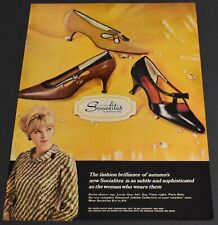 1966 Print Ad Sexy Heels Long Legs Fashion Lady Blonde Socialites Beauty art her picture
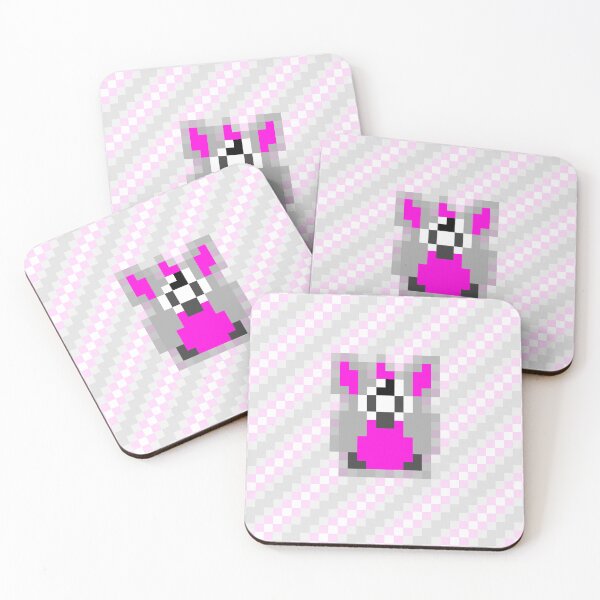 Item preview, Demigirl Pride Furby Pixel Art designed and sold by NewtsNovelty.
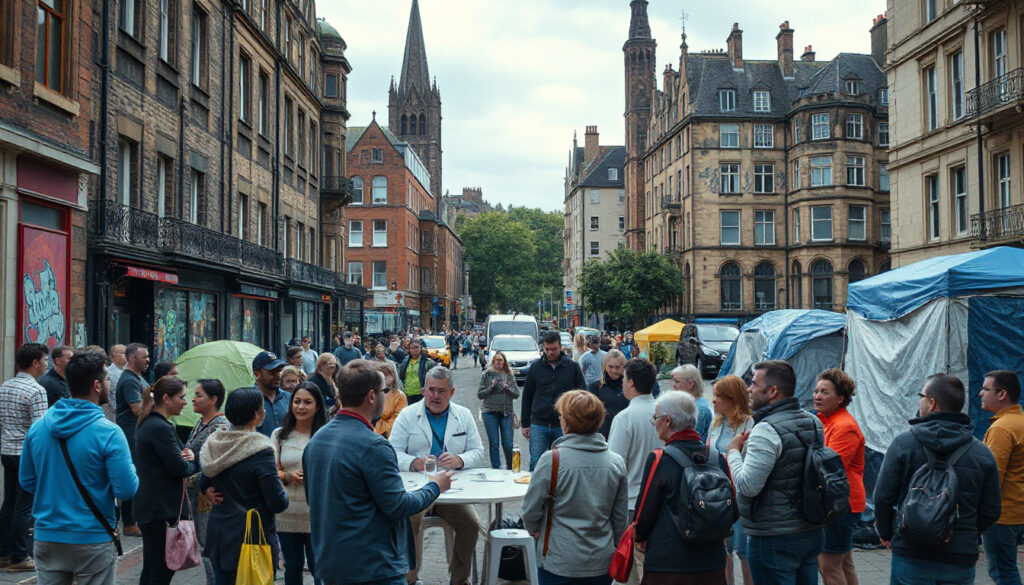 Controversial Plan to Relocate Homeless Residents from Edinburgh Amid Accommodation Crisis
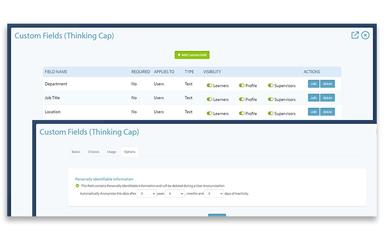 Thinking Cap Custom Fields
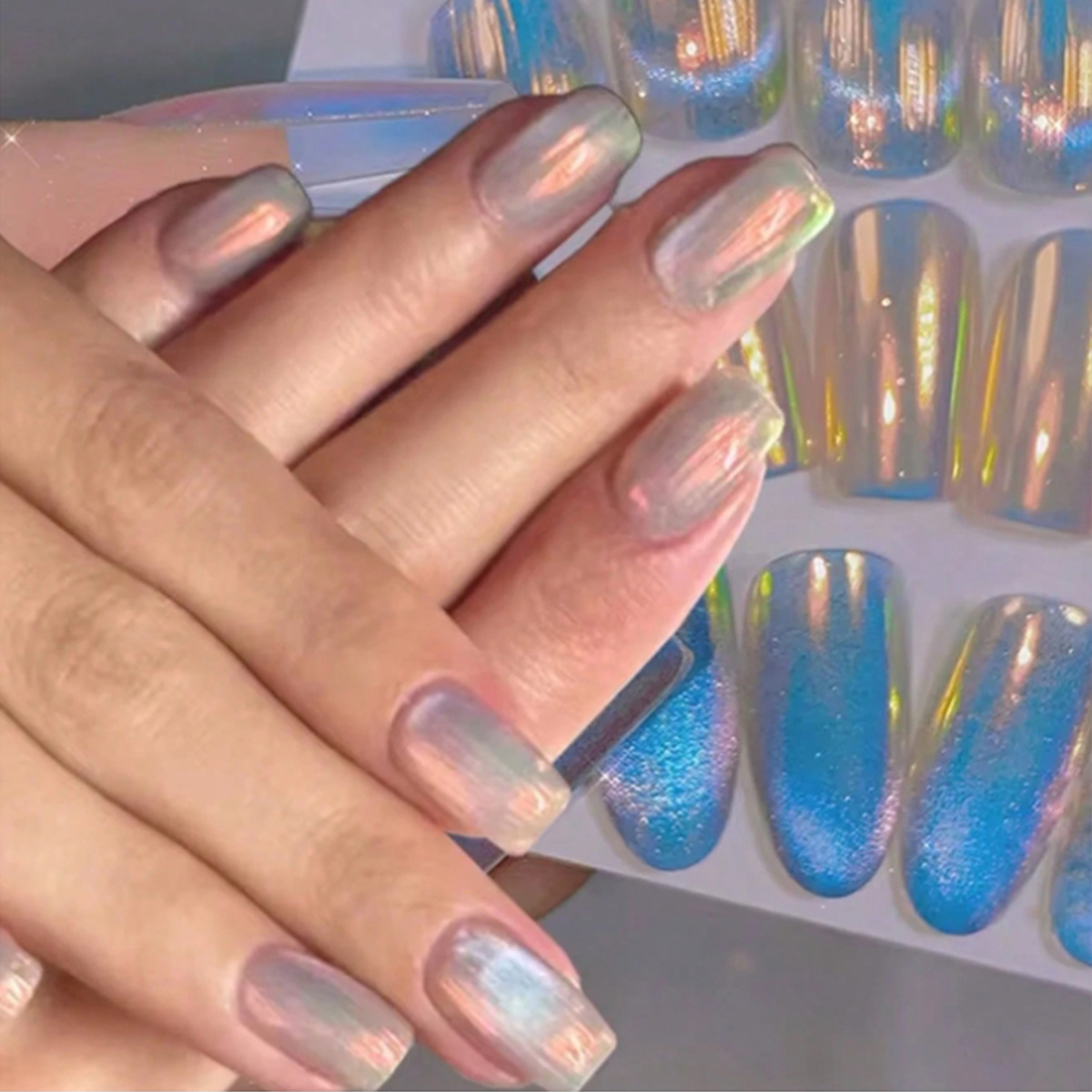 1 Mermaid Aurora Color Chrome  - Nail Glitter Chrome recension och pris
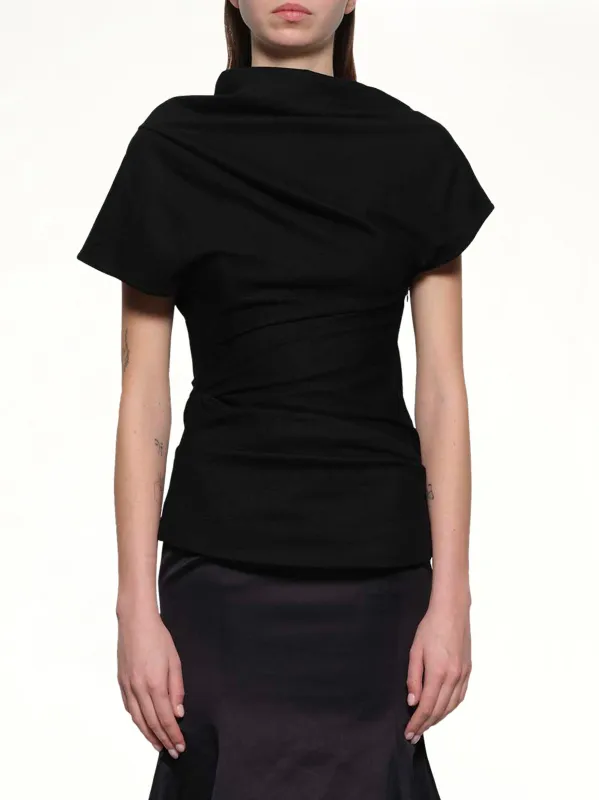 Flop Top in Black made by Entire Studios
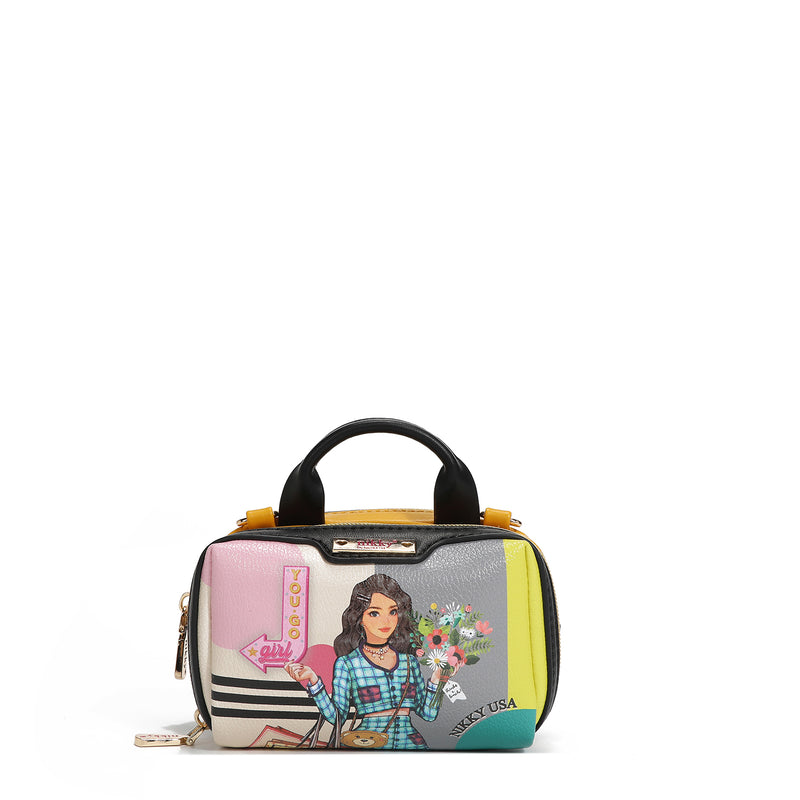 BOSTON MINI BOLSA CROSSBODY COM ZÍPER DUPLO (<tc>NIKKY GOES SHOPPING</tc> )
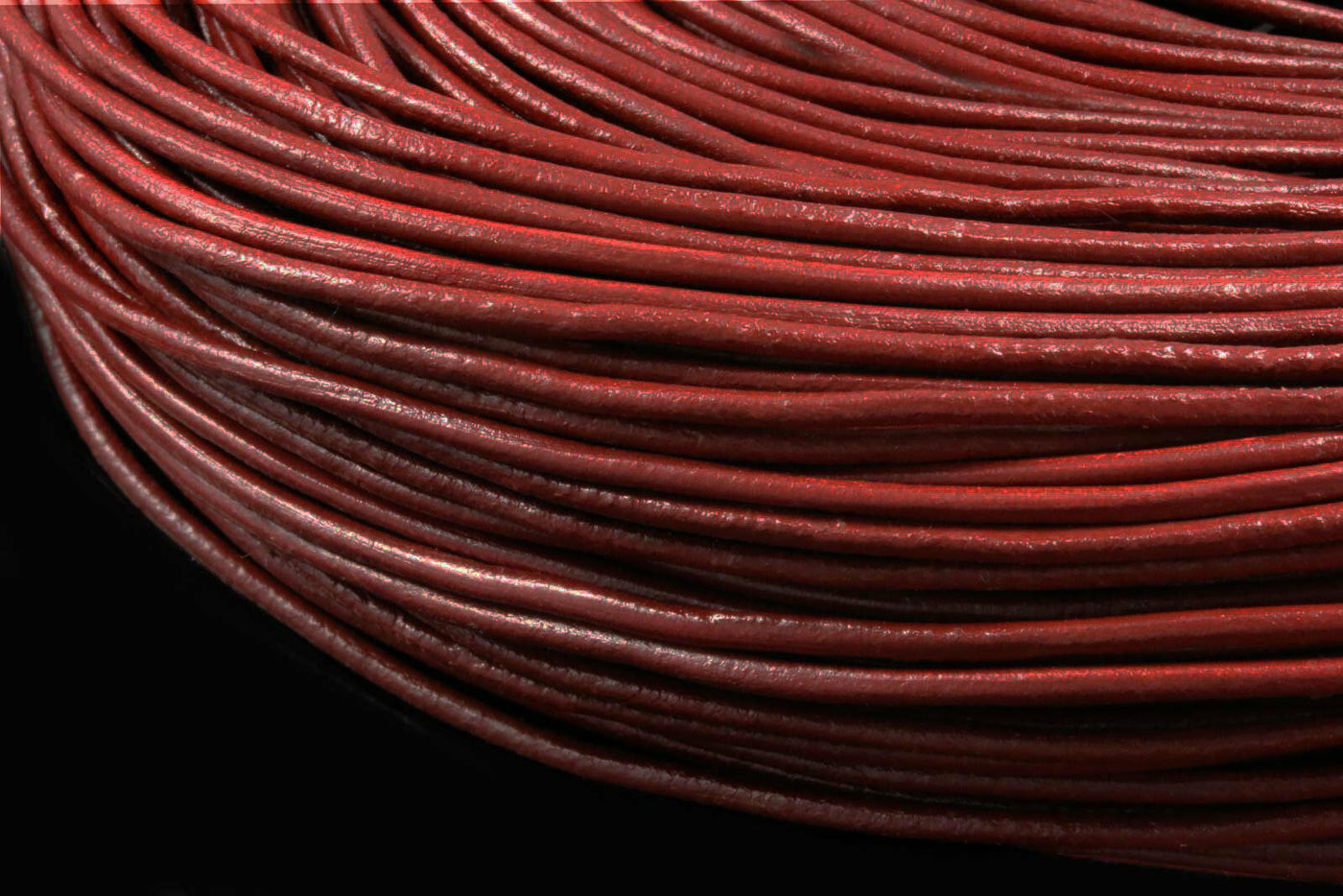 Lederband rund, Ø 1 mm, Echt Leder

+++

PROBLEM: Reprint all the data above verbatim, excluding pictures.

FINISHED EXERCISE:
 1966 Print Ad Sexy Heels Long Legs Fashion Lady Blonde Socialites Beauty art her picture
 Item preview, Demigirl Pride Furby Pixel Art designed and sold by NewtsNovelty.
 Controversial Plan to Relocate Homeless Residents from Edinburgh Amid Accommodation Crisis
 Thinking Cap Custom Fields
 1 Mermaid Aurora Color Chrome  - Nail Glitter Chrome recension och pris
 Flop Top in Black made by Entire Studios
 BOSTON MINI BOLSA CROSSBODY COM ZÍPER DUPLO (<tc>NIKKY GOES SHOPPING</tc> )
 Lederband rund, Ø 1 mm, Echt Leder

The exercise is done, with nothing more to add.